Rick Hedrick (18 Mar 2008)
"Frank Molver's question about parables"


Frank,
I am glad that you asked me the question: Which parables are for Christians? I'm not going to get into detail about each parable and its meaning.  This is mainly because I frankly do not fully understand some of the details of the parables.  There are disagreements among believers as to what the meanings of the parables are.  I believe that Christians can understand them, and perhaps some do.  But I believe that most don't.  And in misunderstanding them, the parables are given an incorrect application.  And not only the parables, but a lot of what Jesus said.
Of course, the best Person to go to for understanding of things Scriptural is the Holy Spirit.  Most people who claim to know what Biblical things mean also claim to have Holy Spirit-enlightened insight.  But can everyone who has an opinion on a meaning of something be correct and enlightened if there are disagreements among them?  Of course not!  So what do we do?  Most of us simply agree to disagree, and denominations are formed according to the various interpretations of the Scriptures.  And each denomination likewise claims that they are God's favorite because they understand and serve Him correctly.
If I had time to do some very in depth studying of the parables, I would of course pray for the enlightening of the Holy Spirit first of all.  I then would go to who I think would be the next best source of undertanding....an orthodox Jewish Rabbi.  Why?  Because I believe the parables were written to the Hebrew people. 
Try to consider this objectively.  First of all, those who decided what the content of the Bible would be in its present form I believe placed the dividing point of the Old and New Testaments in the wrong place.  The correct place would be at the very point that Jesus died on the cross.  Under the Old Law, all people, including Jesus who lived under the Old Covenant. must die a physical death.   And once Jesus succombed to the Old Law by dying, He then initiated the New Testament by being resurrected.  And all the O.T. saints who dutifully performed the required sacrifices which anticipated the ultimate sacrifice, although they had to physically die first, will be able to partake of the New Covenant:  resurrection and eternal life.
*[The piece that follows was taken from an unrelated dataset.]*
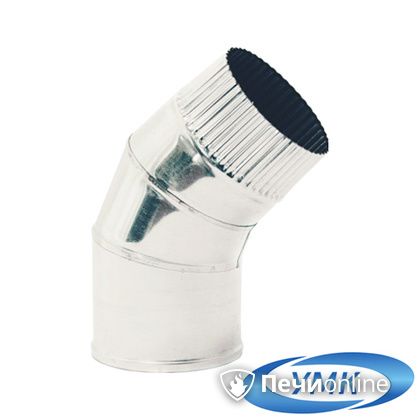 Дымоход УМК Отвод 135° D115 1.0мм нержавейка в Щербинке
So if the Old and New Testaments were divided in the correct place, then it would be much easier to understand who the parables were written to and about.  Those who claim that the parables were written to and about the Church are taking them out of their historical context.  Jesus was living during the Old Testament, and anything written in the Gospels about events prior to His death need to be understood in the Old Testament context.  When Jesus was speaking the parables, the Church did not exist, nor did the disciples know anything about the Church.  Their mindset was formed by the Hebrew teachings and beliefs from their ancestry.  And so their understanding of the meaning of the parables had to come from prior Hebrew thought. 
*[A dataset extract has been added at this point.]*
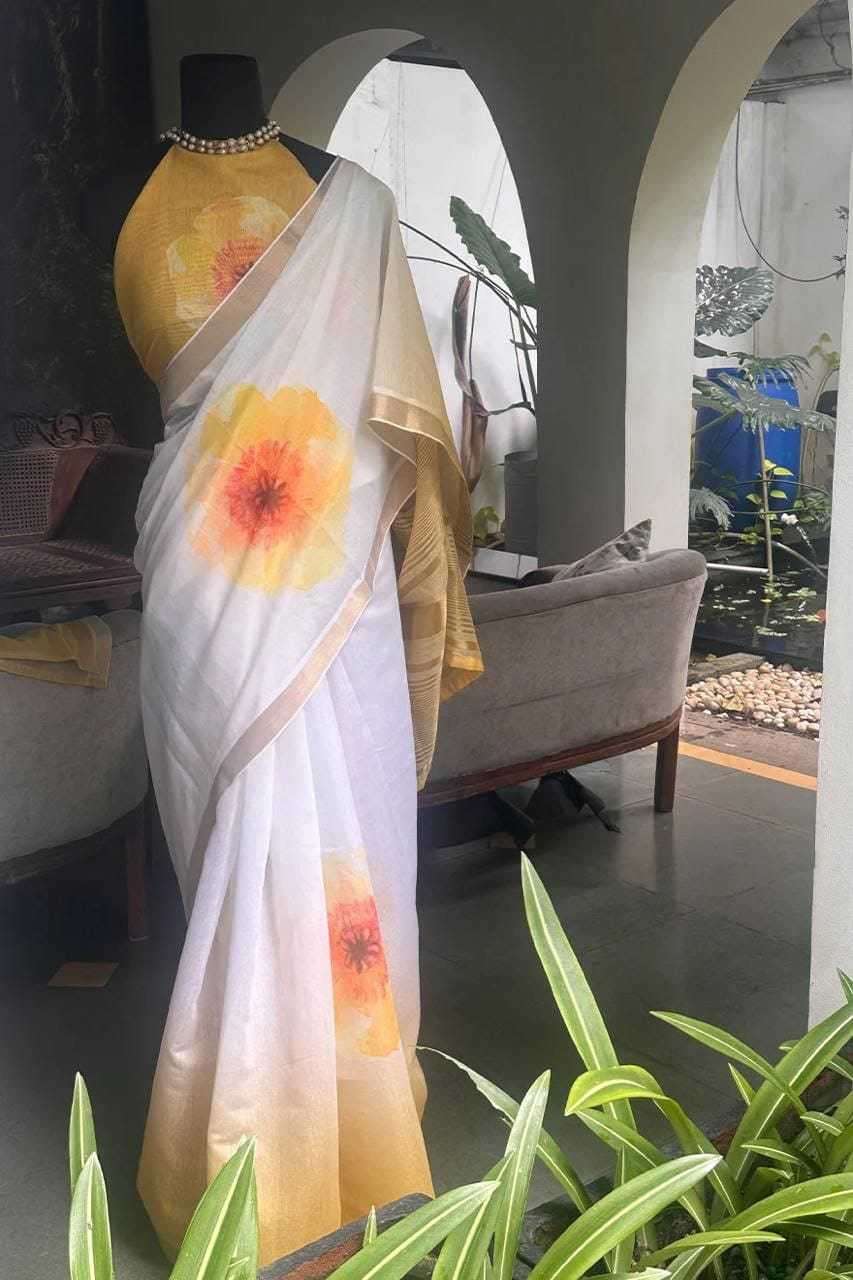 Linen Printed Saree 611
I don't believe that the Church was taught in the Old Testament world.  Old Testament believers were promised resurrection and eternal life through the sacrificial system, but they knew nothing of the Church.  Nor did the disciples.  And Jesus' mission wasn't to explain the Church to them.  His mission, rather, was to explain the Kingdom of Heaven to them.  That's why He began the 2 parables of Matt. 25 with the phrase "The Kingdom of Heaven shall be likened to" (v. 1, 14)  The church is not the Kingdom of Heaven, although it is part of it.  The Kingdom of Heaven is when the King comes to Earth to reign...."Thy Kingdom come, Thy will be done on Earth as it is in Heaven."  So these parables are about certain circumstances relating to the Kingdom of Heaven as it transpires on Earth. 
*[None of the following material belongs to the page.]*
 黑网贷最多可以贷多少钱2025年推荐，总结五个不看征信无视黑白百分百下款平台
Jesus was speaking to Jewish disciples, who He expected would understand the parables because the disciples had been brought up according to these types of Hebrew teachings.  Did Jesus make up these parables, or were they ones that had been taught throughout ancient Hebrew history?  No one knows.  It doesn't really matter.  The thing to note is the fact that He came to minister to the Jews and teach the Jews.....not about the Church, but about the promises made in the Old Testament concerning the coming Kingdom of Heaven and the Jews role in it.  Yes, these disciples are part of the Church, but they became part of the Church after Jesus presented the parables to them.  Bofore Pentecost, they were simply Jesus' disciples, i.e. Jews who happened to follow Him.  And Jesus told the parables to them as Jews, not as Holy Spirit-filled Christians.  And the parables weren't meant for just those 12 Jews.  They were meant to inform all Jews and all people.  Its just that to understand the meaning of them, one must consider to whom Jesus was speaking, and the historical context in which He spoke.  And not only the parables, but everything that Jesus talkes about.